> Data shown
◇ ◇ ◇ ◇

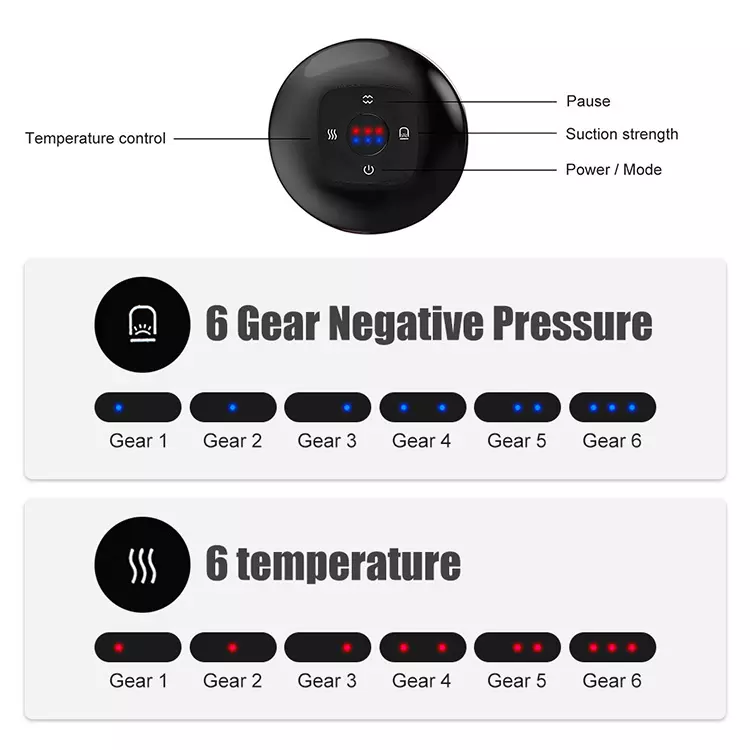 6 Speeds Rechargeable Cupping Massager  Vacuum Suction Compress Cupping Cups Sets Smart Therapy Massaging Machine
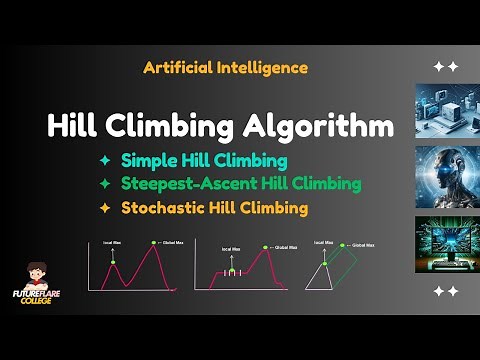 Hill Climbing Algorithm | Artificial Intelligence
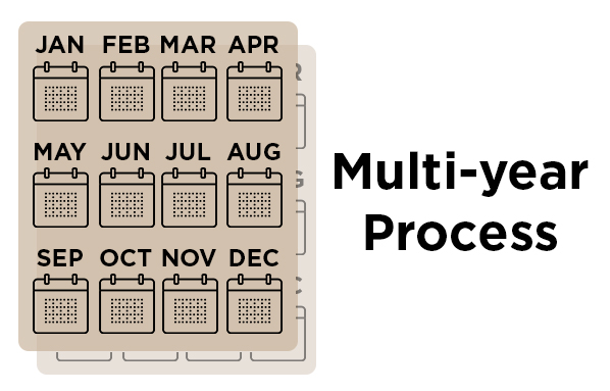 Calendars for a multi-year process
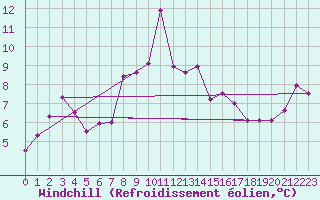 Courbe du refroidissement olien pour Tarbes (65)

◇ ◇ ◇ ◇

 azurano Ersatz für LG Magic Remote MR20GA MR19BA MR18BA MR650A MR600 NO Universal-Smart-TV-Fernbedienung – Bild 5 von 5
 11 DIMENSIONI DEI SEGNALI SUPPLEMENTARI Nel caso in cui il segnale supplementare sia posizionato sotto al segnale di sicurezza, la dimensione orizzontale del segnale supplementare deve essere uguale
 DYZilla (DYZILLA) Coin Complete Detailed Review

◇ ◇ ◇ ◇

> What this task involves
Without the pictures, give again exactly the lines above starting at the line containing "Calendars for a multi-year process" and ending at the line containing "Courbe du refroidissement".

> Finished task
 Calendars for a multi-year process
 Courbe du refroidissement olien pour Tarbes (65)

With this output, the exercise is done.